BT today posted a pre-tax profit of £772 million on turnover which was up 17.6 per cent to £4.98 billion for its first quarter to 30 June 1999.
A 14 per cent increase in operating costs was attributed to fast growth in the mobile and Internet sectors, with payments to other telecoms operators for calls terminating on their networks rising by 50 per cent.
Winning new BT Cellnet customers and supporting high mobile growth was responsible for some of the increased expenditure.
Capital expenditure is also set to rise, as BT prepares to make a massive investment in rolling out asymmetric digital subscriber line (ADSL) technology. ADSL enables Internet access at up to 40 times current dial-up speeds. (see previous story).

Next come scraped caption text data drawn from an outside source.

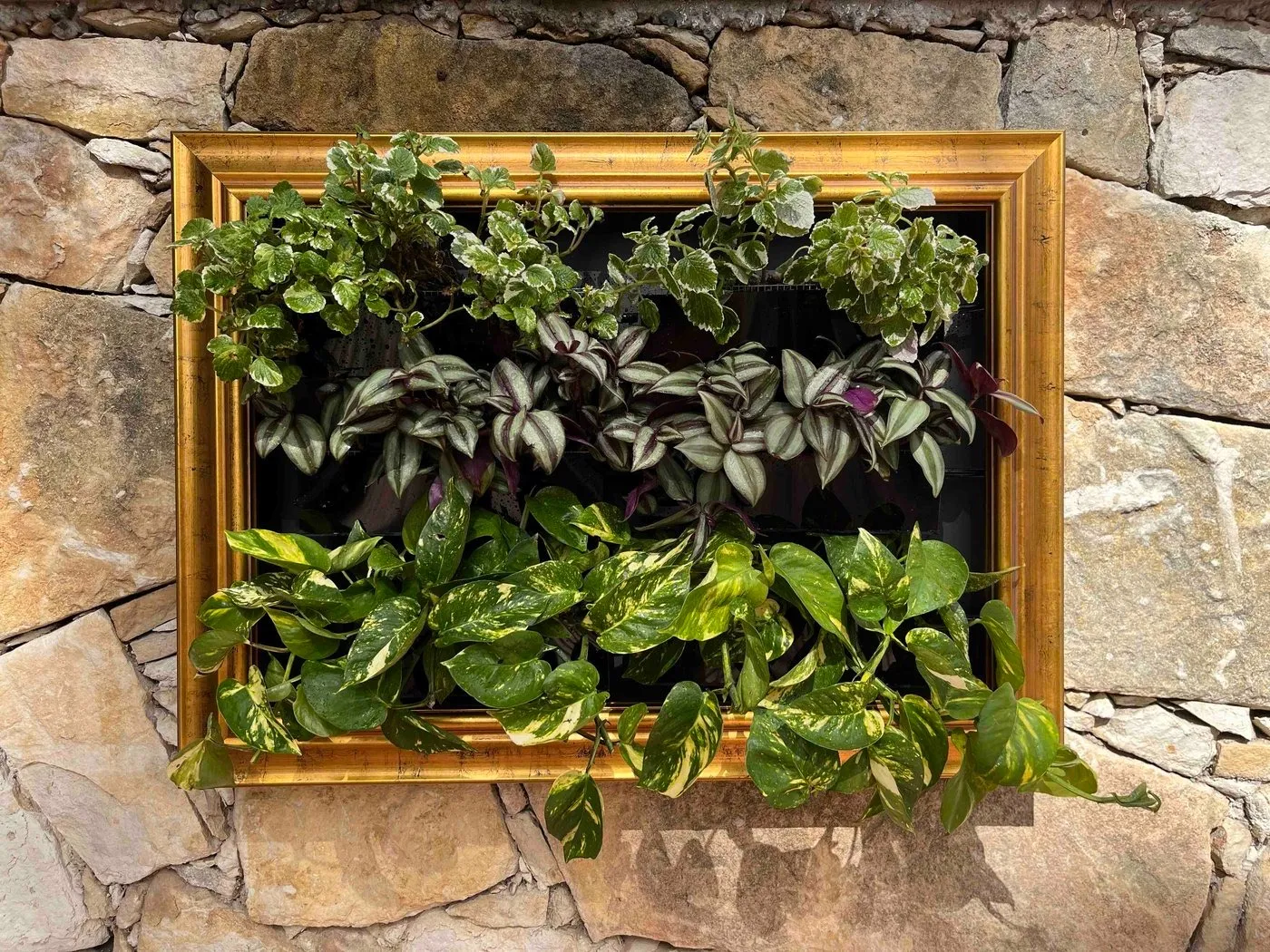 Sam on the stone wall after replanting, with both top planters full of variegated Swedish ivy.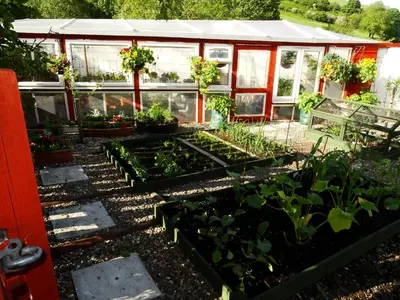a greenhouse full of plants in the garden at Llew Coch B&B formerly The Red Lion inn in Llanfihangel-nant-Melan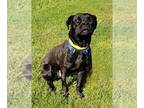 American Pit Bull Terrier Mix DOG FOR ADOPTION RGADN-1243523 - Ghost - Cane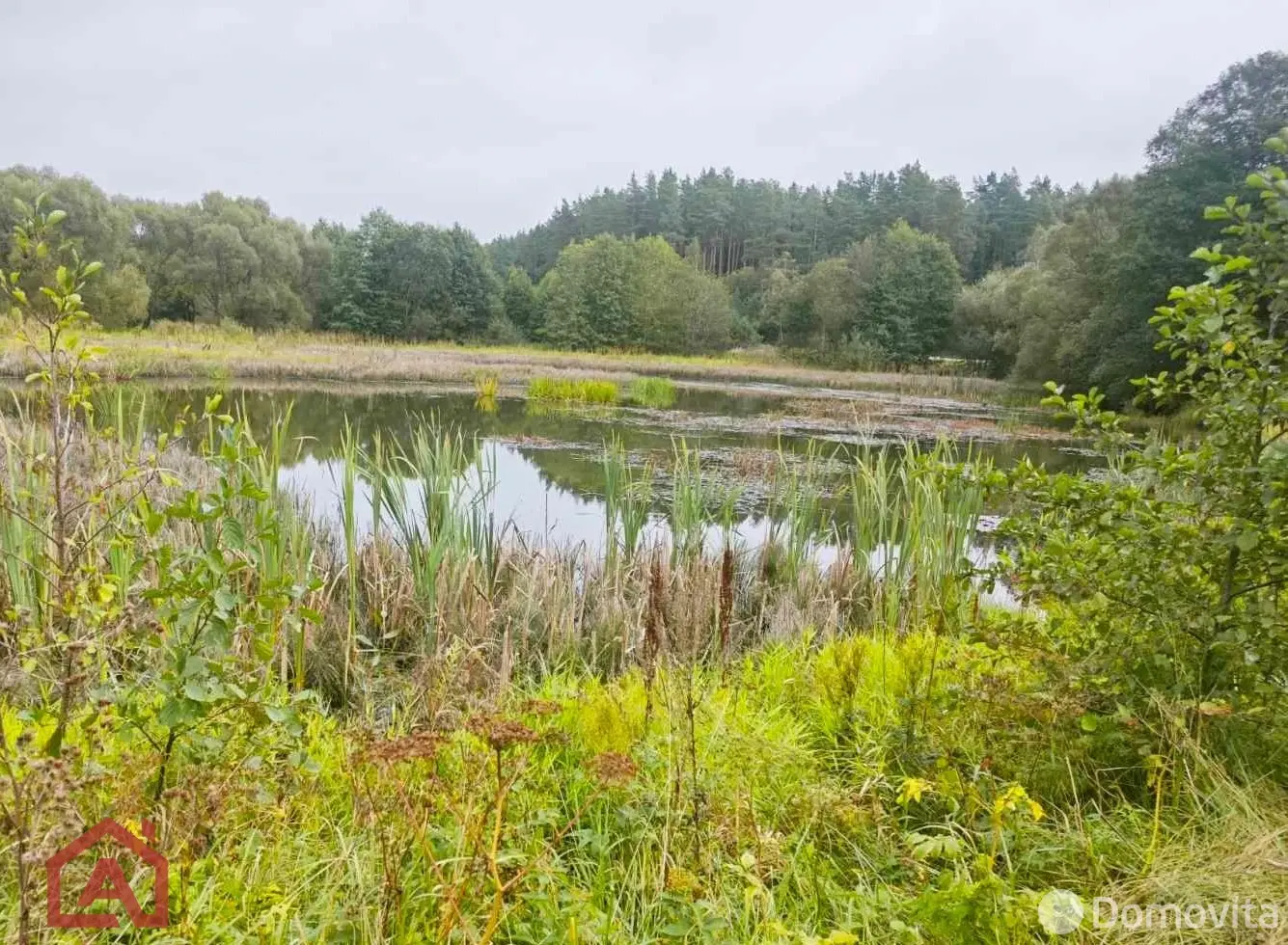 Купить земельный участок, 16.66 соток, Приселки, Минская область, 14000USD, код 571051 - фото 17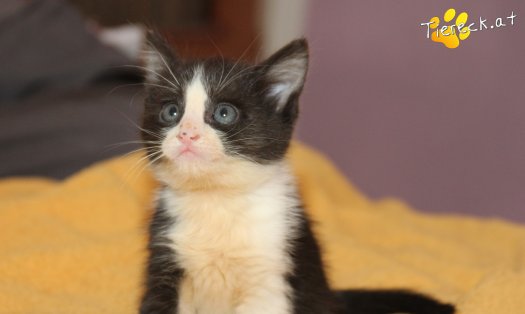 Katze Jojo (Foto by Tiereck.at - Lavanttaler Tierhilfe)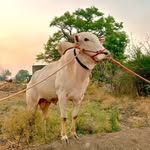 Ashish Kakade Patil - @ashish_kakde_96k - Instagram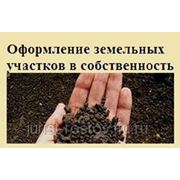 Оформление земельного участка в собственность фото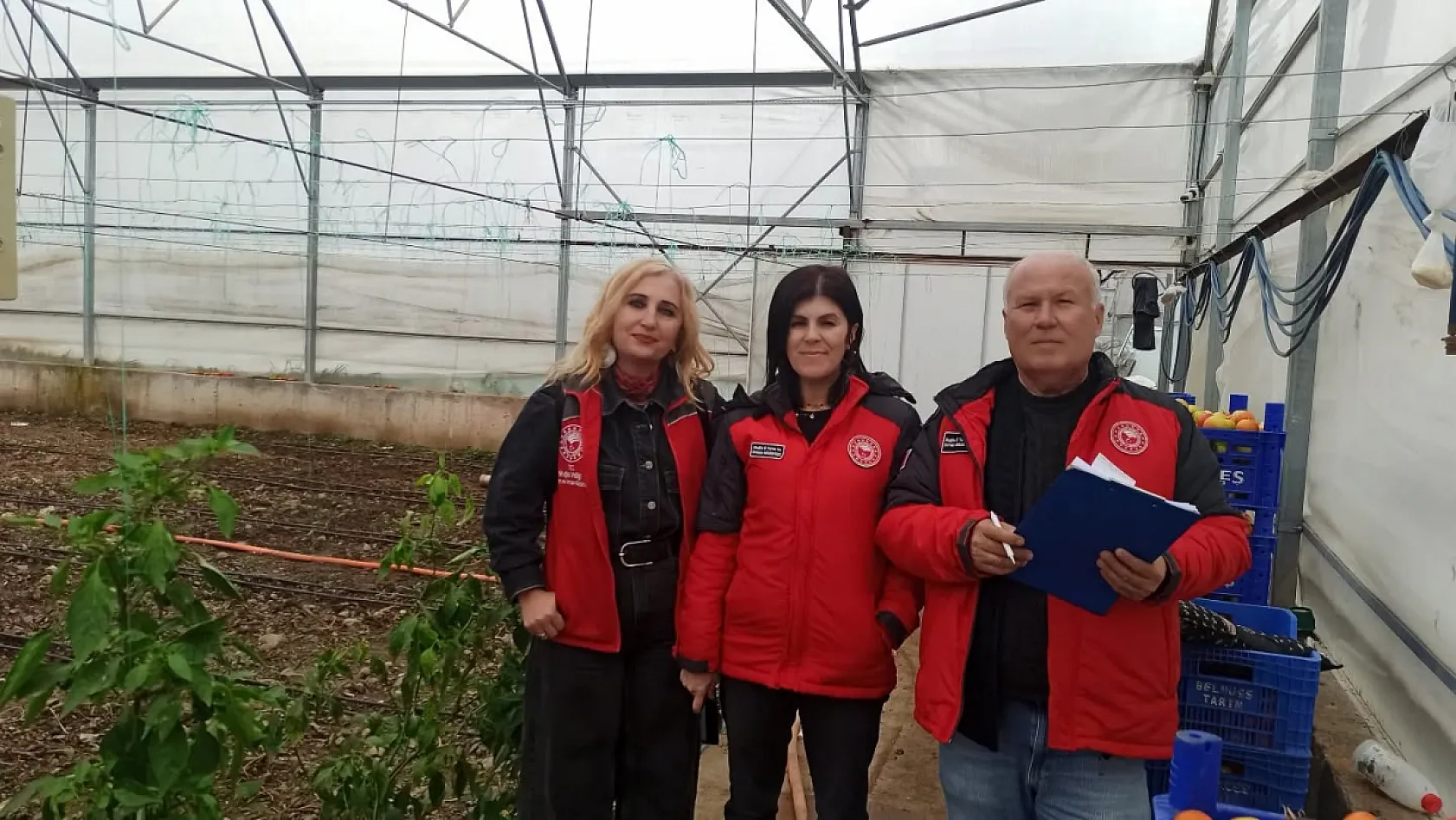 Fethiye'de seralarda hasar tespit çalışmaları sürüyor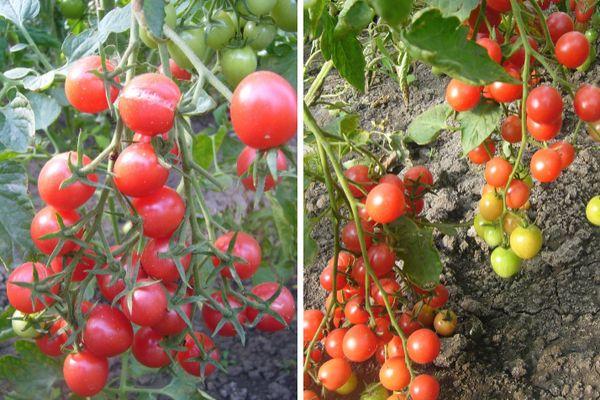 Cultiver des tomates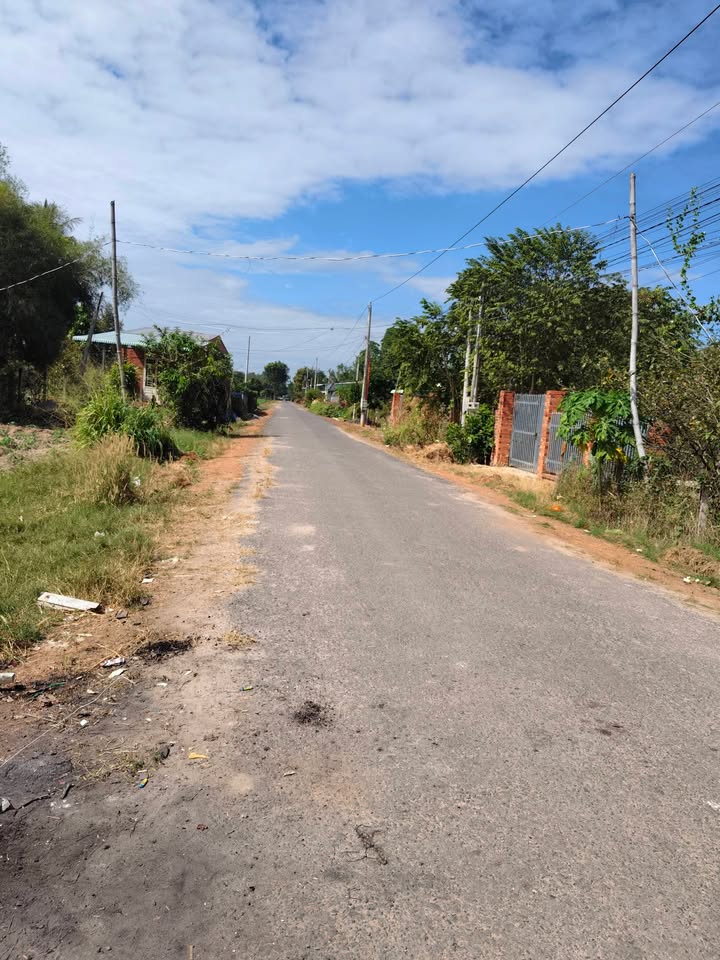 Nhà cấp 4 và phòng trọ Thạnh Đông Tân Châu 130m² giá 450 triệu - Cần bán nhanh!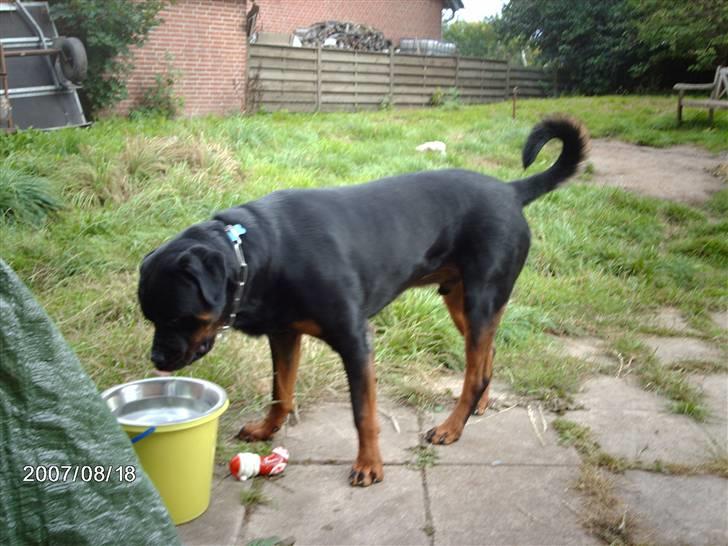 Rottweiler wappe billede 3
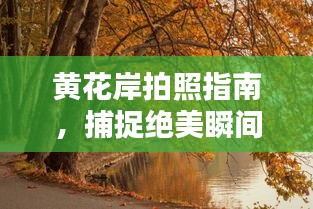黃花岸拍照指南，捕捉絕美瞬間攻略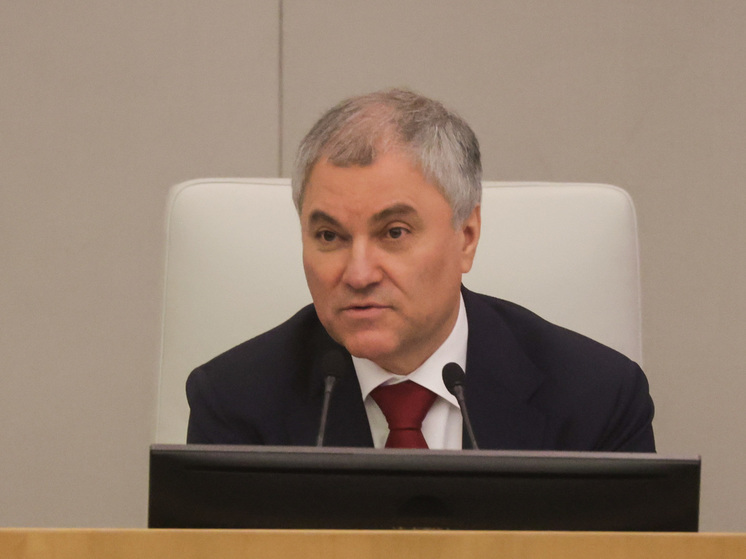 Володин: ГД РФ рассмотрит 28 законопроектов по миграционной политике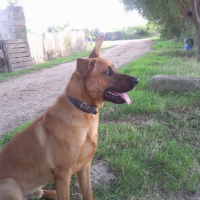 Photo #197203 de Dino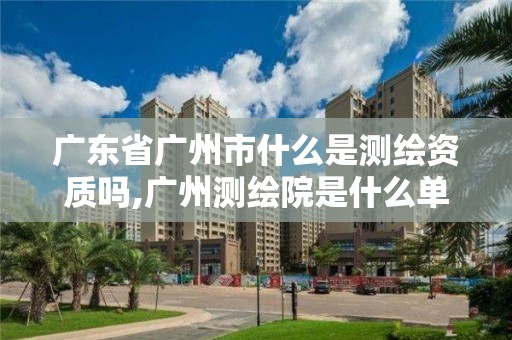 廣東省廣州市什么是測繪資質嗎,廣州測繪院是什么單位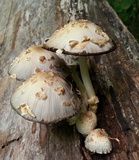 Coprinopsis variegata image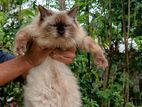 Himalayan cat male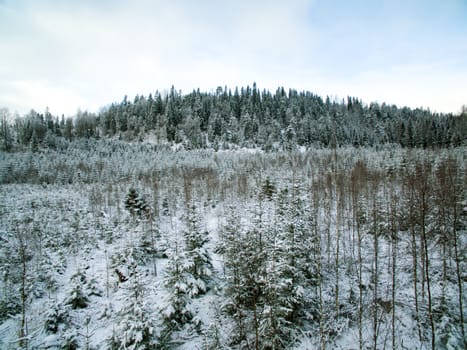 Wide open forest view in winter time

The results confirmed that a multi-million pound order for ADSL equipment had been placed in early July, with six million exchange lines expected to be converted by March 2000.
"There is a short-term cost of developing new businesses and acquiring new mobile customers which is reflected in the results," BT chairman Sir Iain Vallance said in a statement.
Growing use of the Internet is proving a boon for the telco’s fixed network division, which saw turnover rise by 3.2 per cent to £1.29 billion.
Revenue from mobile communications soared by 64 per cent to £508 million, partly as a result of BT Cellnet’s acquisition of Martin Dawes Telecommunications in March.
The quarterly report claimed good progress had been made in the formation of BT’s global alliance with AT&T and the venture is expected to receive final regulatory clearance later this year.